Als die ersten Meldungen über eine Attentatslage eintreffen, haben Polizistinnen, Polizisten, Einsatzkommandos, Rettungskräfte, Notaufnahmeteams – Amélie, Quentin, Karim, Carole, Jérémy und die anderen – einen ganz normalen Tag hinter sich, Unfälle, Schlägereien, häusliche Gewalt. Die meisten sind jung, doch längst eingeübt, was heißt denn „Attentat“, wenn nicht: Begleichung einer Rechnung, rivalisierende Banden, Vorbestrafte, Rache. Aber diesmal fahren sie mit Blaulicht zu einem „Kriegsschauplatz“, Maschinengewehre, Sprengstoffgürtel, Geiselnahmen, das heißt: keine Zeit für koordinierte Planungen, „wir müssen taub sein für alles, was uns umgibt, nur vorwärts“. Dann kommen die Rettungswagen, Ärzte, Sanitäter. Auf Hilferufe und Blicke nicht reagieren, „wir sterben“, Verwundete zurücklassen, Prioritäten setzen, Entscheidungen treffen, Triage: „Ich allein muss entscheiden, wer gerettet werden wird und wer nicht. Mit dem Kopf kann ich es nicht, ich muss es mit den Händen tun, mit Jahrzehnten medizinischen Wissens in meinen Händen, einen anderen Kompass gibt es nicht.“ Gerüchte und Nachrichten verbreiten sich inzwischen wie Lauffeuer, Telefonzentralen stehen nicht still, Stimmen voller Panik und Terror, „Allô, allô, hören Sie mich? Kommen Sie schnell!“ Letzte Worte an die Nächsten.

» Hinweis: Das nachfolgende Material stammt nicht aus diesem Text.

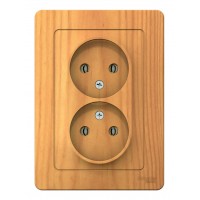 Розетка двухместная SYSTEME ELECTRIC BLANCA, скрытый монтаж, без заземления, ясень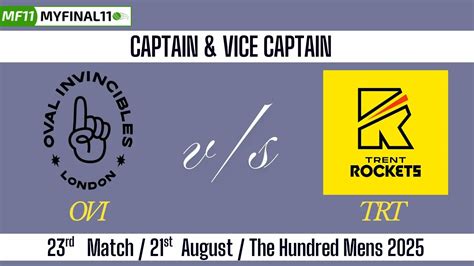 OVI vs TRT Top 3 Captain Pick 23rd Match (21st August) Hundred 2025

Die Smartphones im Bataclan klingeln und vibrieren, SMS und WhatsApp-Nachrichten, immer wieder, Mütter und auch Väter ahnen und wissen dann, dass etwas nicht stimmt. „Wo bist du?“ – „Dies ist die Mailbox von.“

Am 13. November 2015, ganz gleich an welchem Ort, waren wir Pariser oder Pariserin. Wer sich an diesem Freitagabend und am darauffolgenden Wochenende aber in der Stadt aufhielt, z.B. wie ich selbst anlässlich einer Tagung über Villes détruites, erlebte, dass zunächst Unfassbares durchsickerte und dann bestätigt wurde, dass Viertel abgeriegelt und Métro-Linien geschlossen wurden, dass TF1 das Spiel im Stade de France live sendete und erst danach die Berichterstattung von den Attentaten aufnahm, dass Helikopter am Nachthimmel kreisten, Menschen aus der ganzen Welt, sogar aus Kabul, auf überlasteten Kommunikationskanälen anfragten, ob man lebte. Am Samstag dann war alles still, Paris zur Geisterstadt geworden. Die Stunde der Listen kam später. Das alles hat sich eingeprägt, selbst wenn man keines der Opfer persönlich kannte oder jemanden, der einen geliebten Menschen verlor. Die meisten aber kannten jemanden, der jemanden kannte, dem dieses oder jenes widerfahren war. Wer heute, zehn Jahre später, nur Laurent Gaudés bestürzende, erzähltechnisch gewagte chorische „Erzählung“ liest, wird die Stimmen der Lebenden und Toten noch lange hören: „Ich bin tot, Papa. Sie haben mich getötet und wir werden nie mehr miteinander reden.“

 

Laurent Gaudé: Terrasses ou Notre long baiser si longtemps retardé. Arles: Actes Sud 2024, 135S.